EXERCISE AIM
For the entries that follow, restate word for word the line containing "Shower, Bathroom in Saltcote Place", the line containing "Beach robe made", and every line that lies between them.

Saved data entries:
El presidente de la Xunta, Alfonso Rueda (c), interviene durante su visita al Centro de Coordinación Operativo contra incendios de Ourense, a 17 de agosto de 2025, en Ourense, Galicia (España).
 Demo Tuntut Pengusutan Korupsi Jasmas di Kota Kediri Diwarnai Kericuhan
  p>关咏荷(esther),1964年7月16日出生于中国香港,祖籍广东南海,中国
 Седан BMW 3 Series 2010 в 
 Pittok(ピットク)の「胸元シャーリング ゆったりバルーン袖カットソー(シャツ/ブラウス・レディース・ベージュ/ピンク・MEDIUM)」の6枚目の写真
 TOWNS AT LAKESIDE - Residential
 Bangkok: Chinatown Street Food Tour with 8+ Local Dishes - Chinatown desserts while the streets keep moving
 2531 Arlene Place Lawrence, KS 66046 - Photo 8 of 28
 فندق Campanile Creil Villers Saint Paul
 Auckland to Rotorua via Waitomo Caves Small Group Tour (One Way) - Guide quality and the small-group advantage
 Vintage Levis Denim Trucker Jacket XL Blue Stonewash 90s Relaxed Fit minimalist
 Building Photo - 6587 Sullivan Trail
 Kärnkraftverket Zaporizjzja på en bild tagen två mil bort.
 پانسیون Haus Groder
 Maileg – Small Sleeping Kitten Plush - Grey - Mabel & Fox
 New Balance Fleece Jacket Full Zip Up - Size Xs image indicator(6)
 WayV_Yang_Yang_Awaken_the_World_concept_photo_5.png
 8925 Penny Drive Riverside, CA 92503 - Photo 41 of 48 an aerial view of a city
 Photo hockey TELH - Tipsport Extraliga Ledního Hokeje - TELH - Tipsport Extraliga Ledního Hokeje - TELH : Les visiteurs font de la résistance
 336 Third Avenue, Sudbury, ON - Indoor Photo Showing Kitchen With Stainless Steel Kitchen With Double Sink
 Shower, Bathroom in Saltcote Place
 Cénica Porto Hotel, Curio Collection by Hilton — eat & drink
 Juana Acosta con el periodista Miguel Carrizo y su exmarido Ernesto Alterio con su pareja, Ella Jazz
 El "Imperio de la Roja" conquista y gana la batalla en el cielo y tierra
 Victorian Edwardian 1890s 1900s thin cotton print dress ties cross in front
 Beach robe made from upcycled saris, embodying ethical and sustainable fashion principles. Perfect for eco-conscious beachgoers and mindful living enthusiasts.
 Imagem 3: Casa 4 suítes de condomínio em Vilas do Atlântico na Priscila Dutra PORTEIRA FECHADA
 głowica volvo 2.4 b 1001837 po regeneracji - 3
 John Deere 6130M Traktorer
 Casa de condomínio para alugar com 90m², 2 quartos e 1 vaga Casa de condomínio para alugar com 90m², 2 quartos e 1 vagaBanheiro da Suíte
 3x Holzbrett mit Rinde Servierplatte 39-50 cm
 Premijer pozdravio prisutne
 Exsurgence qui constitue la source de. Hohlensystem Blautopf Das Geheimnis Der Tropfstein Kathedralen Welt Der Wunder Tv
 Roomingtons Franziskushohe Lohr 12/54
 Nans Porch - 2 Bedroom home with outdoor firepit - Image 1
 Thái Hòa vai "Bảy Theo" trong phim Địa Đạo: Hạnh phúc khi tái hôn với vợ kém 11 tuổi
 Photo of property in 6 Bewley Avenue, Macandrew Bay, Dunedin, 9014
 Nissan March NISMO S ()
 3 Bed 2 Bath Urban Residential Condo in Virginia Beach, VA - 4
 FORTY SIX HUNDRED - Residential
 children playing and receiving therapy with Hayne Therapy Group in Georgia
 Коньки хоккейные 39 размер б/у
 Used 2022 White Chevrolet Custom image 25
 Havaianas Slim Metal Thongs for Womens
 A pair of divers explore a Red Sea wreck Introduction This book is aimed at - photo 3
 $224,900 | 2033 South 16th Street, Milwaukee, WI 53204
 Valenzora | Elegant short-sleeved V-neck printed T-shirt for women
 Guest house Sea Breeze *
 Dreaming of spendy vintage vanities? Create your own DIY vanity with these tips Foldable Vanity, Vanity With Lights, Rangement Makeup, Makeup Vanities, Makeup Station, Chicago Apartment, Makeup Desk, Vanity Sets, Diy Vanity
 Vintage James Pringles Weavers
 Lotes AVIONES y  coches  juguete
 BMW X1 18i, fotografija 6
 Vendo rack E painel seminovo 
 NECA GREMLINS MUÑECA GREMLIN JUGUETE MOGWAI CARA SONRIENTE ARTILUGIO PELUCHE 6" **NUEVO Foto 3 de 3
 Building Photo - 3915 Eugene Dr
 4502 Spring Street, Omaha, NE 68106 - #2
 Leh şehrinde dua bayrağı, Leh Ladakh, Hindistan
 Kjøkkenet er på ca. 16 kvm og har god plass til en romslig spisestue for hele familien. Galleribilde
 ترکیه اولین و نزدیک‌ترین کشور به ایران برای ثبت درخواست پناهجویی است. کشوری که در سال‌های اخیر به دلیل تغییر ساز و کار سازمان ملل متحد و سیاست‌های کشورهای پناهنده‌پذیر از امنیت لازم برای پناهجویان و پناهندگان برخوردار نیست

REPLY TO THE EXERCISE
 Shower, Bathroom in Saltcote Place
 Cénica Porto Hotel, Curio Collection by Hilton — eat & drink
 Juana Acosta con el periodista Miguel Carrizo y su exmarido Ernesto Alterio con su pareja, Ella Jazz
 El "Imperio de la Roja" conquista y gana la batalla en el cielo y tierra
 Victorian Edwardian 1890s 1900s thin cotton print dress ties cross in front
 Beach robe made from upcycled saris, embodying ethical and sustainable fashion principles. Perfect for eco-conscious beachgoers and mindful living enthusiasts.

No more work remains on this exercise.